An exact restatement of the records below is expected.
════════════════
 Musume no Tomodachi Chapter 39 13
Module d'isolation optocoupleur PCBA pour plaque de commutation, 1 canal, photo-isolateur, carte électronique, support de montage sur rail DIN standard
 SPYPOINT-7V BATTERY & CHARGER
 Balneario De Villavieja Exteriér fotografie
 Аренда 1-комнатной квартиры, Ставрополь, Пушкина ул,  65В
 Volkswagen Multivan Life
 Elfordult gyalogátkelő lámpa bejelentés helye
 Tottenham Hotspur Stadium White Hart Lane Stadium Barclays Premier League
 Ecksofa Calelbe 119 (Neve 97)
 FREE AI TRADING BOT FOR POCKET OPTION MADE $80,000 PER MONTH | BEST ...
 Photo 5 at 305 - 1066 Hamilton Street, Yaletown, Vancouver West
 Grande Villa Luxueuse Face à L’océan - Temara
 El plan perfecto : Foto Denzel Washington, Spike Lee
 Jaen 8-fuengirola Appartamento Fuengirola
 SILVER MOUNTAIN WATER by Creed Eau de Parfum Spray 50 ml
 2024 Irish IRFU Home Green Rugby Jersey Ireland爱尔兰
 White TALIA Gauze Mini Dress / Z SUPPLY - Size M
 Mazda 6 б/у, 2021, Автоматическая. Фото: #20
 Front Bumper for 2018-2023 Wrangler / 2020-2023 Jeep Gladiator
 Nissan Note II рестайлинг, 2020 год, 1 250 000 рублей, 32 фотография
════════════════
→ **Solved exercise**
 Musume no Tomodachi Chapter 39 13
Module d'isolation optocoupleur PCBA pour plaque de commutation, 1 canal, photo-isolateur, carte électronique, support de montage sur rail DIN standard
 SPYPOINT-7V BATTERY & CHARGER
 Balneario De Villavieja Exteriér fotografie
 Аренда 1-комнатной квартиры, Ставрополь, Пушкина ул,  65В
 Volkswagen Multivan Life
 Elfordult gyalogátkelő lámpa bejelentés helye
 Tottenham Hotspur Stadium White Hart Lane Stadium Barclays Premier League
 Ecksofa Calelbe 119 (Neve 97)
 FREE AI TRADING BOT FOR POCKET OPTION MADE $80,000 PER MONTH | BEST ...
 Photo 5 at 305 - 1066 Hamilton Street, Yaletown, Vancouver West
 Grande Villa Luxueuse Face à L’océan - Temara
 El plan perfecto : Foto Denzel Washington, Spike Lee
 Jaen 8-fuengirola Appartamento Fuengirola
 SILVER MOUNTAIN WATER by Creed Eau de Parfum Spray 50 ml
 2024 Irish IRFU Home Green Rugby Jersey Ireland爱尔兰
 White TALIA Gauze Mini Dress / Z SUPPLY - Size M
 Mazda 6 б/у, 2021, Автоматическая. Фото: #20
 Front Bumper for 2018-2023 Wrangler / 2020-2023 Jeep Gladiator
 Nissan Note II рестайлинг, 2020 год, 1 250 000 рублей, 32 фотография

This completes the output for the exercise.